**Task instructions:** Go through the listing and return every line with "Jeep" in it.

**Material provided:**
***

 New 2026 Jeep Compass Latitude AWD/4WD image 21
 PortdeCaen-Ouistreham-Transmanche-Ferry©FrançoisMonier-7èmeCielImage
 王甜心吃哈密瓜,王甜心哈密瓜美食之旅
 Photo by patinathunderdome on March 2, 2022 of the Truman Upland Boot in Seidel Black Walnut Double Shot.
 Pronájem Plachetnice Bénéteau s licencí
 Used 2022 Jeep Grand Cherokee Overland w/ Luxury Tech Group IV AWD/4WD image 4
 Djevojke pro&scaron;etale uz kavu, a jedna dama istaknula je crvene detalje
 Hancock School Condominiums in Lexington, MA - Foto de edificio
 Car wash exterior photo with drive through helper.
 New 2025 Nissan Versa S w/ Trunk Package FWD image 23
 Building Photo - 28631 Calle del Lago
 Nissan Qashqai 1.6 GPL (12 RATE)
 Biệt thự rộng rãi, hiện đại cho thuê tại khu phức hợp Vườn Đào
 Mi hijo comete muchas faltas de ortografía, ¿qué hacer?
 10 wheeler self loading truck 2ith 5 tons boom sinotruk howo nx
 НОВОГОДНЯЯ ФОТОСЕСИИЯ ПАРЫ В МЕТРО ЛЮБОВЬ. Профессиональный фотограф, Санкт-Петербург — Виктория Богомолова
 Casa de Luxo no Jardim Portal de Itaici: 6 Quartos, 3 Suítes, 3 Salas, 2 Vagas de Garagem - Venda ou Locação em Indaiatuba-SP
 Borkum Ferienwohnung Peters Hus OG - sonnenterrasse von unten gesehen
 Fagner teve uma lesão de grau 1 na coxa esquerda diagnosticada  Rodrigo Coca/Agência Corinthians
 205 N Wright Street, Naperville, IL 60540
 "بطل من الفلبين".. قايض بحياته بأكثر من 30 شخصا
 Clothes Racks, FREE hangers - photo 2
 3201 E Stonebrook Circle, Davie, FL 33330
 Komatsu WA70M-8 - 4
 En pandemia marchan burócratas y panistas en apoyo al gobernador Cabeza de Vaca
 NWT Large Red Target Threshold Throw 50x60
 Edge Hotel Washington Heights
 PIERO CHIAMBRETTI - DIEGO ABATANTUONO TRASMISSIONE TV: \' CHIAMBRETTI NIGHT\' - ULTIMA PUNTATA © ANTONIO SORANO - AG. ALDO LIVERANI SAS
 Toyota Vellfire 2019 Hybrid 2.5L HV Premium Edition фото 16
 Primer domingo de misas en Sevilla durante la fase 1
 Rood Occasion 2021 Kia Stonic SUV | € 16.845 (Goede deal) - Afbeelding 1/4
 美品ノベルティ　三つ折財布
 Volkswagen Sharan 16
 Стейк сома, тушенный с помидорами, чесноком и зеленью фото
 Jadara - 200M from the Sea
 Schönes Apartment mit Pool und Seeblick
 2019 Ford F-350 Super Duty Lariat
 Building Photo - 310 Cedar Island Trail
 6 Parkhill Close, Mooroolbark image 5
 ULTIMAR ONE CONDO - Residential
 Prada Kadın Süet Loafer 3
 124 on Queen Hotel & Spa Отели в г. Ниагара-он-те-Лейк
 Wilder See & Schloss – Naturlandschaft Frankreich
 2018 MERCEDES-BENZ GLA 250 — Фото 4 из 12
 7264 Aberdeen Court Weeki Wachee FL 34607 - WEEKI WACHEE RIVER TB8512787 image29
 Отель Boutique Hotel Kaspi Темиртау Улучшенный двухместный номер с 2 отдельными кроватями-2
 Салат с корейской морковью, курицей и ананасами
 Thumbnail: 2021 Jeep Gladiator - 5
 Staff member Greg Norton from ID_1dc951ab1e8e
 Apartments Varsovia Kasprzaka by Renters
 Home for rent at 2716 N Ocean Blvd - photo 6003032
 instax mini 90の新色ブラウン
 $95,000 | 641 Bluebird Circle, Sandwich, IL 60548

***

**Finished exercise:**
 New 2026 Jeep Compass Latitude AWD/4WD image 21
 Used 2022 Jeep Grand Cherokee Overland w/ Luxury Tech Group IV AWD/4WD image 4
 Thumbnail: 2021 Jeep Gladiator - 5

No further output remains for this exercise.